The idea is to align the research work in the Lab closer to areas that the parent company is focusing on, says Peter Benedict, spokesperson for Bell Labs and Alcatel-Lucent Ventures.
“In the new innovation model, research needs to keep addressing the need of the mother company,” he says.
That view is shortsighted and may drastically curtail the Labs’ ability to come up with truly innovative discoveries, respond critics.
“Fundamental physics is absolutely crucial to computing,” says Mike Lubell, director of public affairs for the American Physical Society. “Say in the case of integrated circuits, there were many, many small steps that occurred along the way resulting from decades worth of work in matters of physics.”
(continued at http://blog.wired.com/gadgets/2008/08/bell-labs-kills.html)
In case you weren’t previously aware, here’s a list of some of the great inventions to come out of Bell Labs in the past:
At its peak, Bell Laboratories was the premier facility of its type, developing a wide range of revolutionary technologies, including radio astronomy, the transistor, the laser, information theory, the UNIX operating system, and the C programming language. There have been six Nobel Prizes awarded for work completed at Bell Laboratories. 
- 1937 Clinton J. Davisson shared the Nobel Prize in Physics for demonstrating the wave nature of matter.
- 1956 John Bardeen, Walter H. Brattain, and William Shockley received the Nobel Prize in Physics for inventing the first transistors.
- 1977 Philip W. Anderson shared the Nobel Prize in Physics for developing an improved understanding of the electronic structure of glass and magnetic materials.
- 1978 Arno A. Penzias and Robert W. Wilson shared the Nobel Prize in Physics. Penzias and Wilson were cited for their discovery of cosmic microwave background radiation, a nearly uniform glow that fills the Universe in the microwave band of the radio spectrum.

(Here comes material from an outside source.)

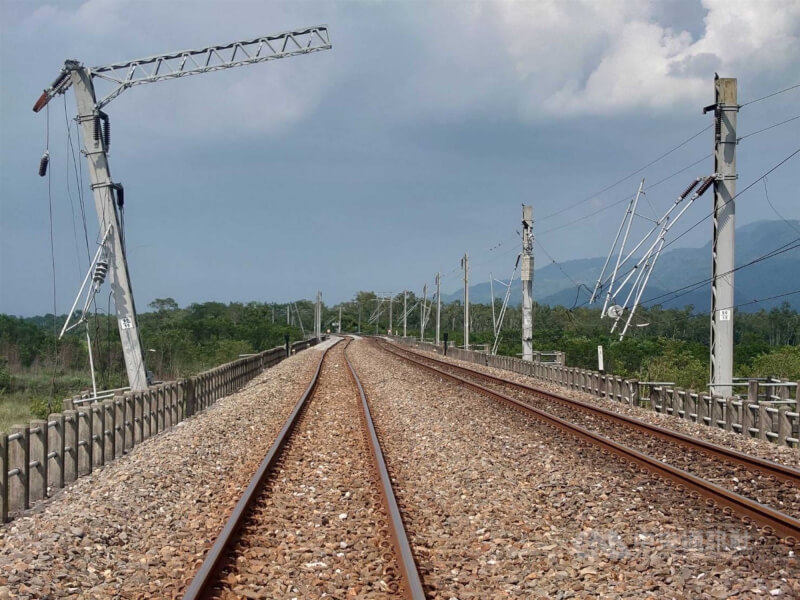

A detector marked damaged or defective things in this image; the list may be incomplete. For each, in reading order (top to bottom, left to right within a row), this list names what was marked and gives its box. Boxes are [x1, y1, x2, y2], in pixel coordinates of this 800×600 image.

- 1997 Steven Chu, shared the Nobel Prize in Physics for developing methods to cool and trap atoms with laser light.
- 1998 Horst Stormer, Robert Laughlin, and Daniel Tsui, were awarded the Nobel Prize in Physics for the discovery and explanation of the fractional quantum Hall effect.
Yes, that’s the transistor, the laser, UNIX, and the C programming language, let alone everything else they invented.